A decisão do Senado, aprovada na semana passada, suspendeu uma resolução do Conanda que estabelecia orientações para o atendimento de crianças e adolescentes vítimas de violência sexual, incluindo situações em que a legislação brasileira prevê a possibilidade do aborto legal, como casos de estupro, risco de vida para a gestante e anencefalia fetal.
Durante a entrevista, Cármen Lúcia classificou a deliberação parlamentar como uma “votação relâmpago” e ressaltou a complexidade do tema.

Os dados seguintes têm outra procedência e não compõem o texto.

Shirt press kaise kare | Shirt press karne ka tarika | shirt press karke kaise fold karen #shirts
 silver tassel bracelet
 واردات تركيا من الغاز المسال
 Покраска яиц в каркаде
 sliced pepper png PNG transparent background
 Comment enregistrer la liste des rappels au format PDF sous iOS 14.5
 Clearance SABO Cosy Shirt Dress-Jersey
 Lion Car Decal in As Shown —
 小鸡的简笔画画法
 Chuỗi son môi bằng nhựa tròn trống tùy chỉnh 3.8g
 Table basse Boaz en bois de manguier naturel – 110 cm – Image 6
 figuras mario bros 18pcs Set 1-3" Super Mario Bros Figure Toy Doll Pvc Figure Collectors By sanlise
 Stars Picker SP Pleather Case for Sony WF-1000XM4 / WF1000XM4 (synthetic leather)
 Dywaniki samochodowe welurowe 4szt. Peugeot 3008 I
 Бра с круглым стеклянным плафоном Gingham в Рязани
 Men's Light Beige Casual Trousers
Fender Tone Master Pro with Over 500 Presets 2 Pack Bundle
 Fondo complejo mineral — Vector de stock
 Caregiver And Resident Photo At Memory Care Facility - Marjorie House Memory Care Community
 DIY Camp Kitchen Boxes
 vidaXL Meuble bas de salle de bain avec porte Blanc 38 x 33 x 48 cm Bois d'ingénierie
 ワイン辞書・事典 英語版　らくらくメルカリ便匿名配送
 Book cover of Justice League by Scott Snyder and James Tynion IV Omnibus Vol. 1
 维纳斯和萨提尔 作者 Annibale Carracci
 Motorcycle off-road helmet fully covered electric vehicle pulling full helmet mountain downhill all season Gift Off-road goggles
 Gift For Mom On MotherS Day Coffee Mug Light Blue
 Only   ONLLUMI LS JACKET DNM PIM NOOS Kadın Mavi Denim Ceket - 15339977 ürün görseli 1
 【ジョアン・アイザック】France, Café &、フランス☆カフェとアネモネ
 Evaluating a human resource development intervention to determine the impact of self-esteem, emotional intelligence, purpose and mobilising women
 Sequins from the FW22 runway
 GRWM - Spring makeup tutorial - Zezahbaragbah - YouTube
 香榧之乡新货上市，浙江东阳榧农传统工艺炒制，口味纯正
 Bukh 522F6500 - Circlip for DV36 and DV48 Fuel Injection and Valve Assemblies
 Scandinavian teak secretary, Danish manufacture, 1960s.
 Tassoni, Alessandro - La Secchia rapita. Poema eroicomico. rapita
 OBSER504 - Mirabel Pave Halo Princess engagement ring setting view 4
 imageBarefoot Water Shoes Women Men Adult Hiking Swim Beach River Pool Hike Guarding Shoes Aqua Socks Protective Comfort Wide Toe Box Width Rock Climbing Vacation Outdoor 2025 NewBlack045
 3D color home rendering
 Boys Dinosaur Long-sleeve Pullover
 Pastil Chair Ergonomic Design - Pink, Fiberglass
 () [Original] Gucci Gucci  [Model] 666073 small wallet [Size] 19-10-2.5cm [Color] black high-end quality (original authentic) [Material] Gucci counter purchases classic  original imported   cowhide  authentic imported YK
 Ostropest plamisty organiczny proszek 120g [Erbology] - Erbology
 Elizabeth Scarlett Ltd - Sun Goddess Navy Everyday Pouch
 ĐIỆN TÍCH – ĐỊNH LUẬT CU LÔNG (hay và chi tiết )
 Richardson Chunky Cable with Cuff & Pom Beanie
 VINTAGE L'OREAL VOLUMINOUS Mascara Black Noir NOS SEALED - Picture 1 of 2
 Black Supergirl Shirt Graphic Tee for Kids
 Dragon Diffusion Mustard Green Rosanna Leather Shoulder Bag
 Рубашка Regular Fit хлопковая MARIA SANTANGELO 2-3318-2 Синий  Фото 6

Segundo a ministra, assuntos que envolvem direitos fundamentais e possíveis restrições de garantias exigem amplo debate público, permitindo a participação da sociedade nas discussões e a análise aprofundada das consequências das medidas adotadas.
Ela afirmou que a principal preocupação está relacionada à rapidez da tramitação e à ausência de uma discussão mais abrangente sobre o tema.
Ao abordar a questão, a ministra também mencionou a importância do direito à informação previsto na Constituição Federal de 1988. De acordo com Cármen Lúcia, esse princípio é fundamental para assegurar que a população tenha condições de compreender os temas em debate e participar das decisões que impactam a sociedade.
A magistrada evitou comentar o mérito da decisão aprovada pelo Senado, destacando a possibilidade de o tema vir a ser analisado futuramente pelo Supremo Tribunal Federal.
Segundo ela, caso a questão seja judicializada e chegue ao STF, caberá à Corte examinar se a medida está em conformidade com os direitos e garantias fundamentais assegurados pela Constituição Federal às crianças, adolescentes e suas famílias.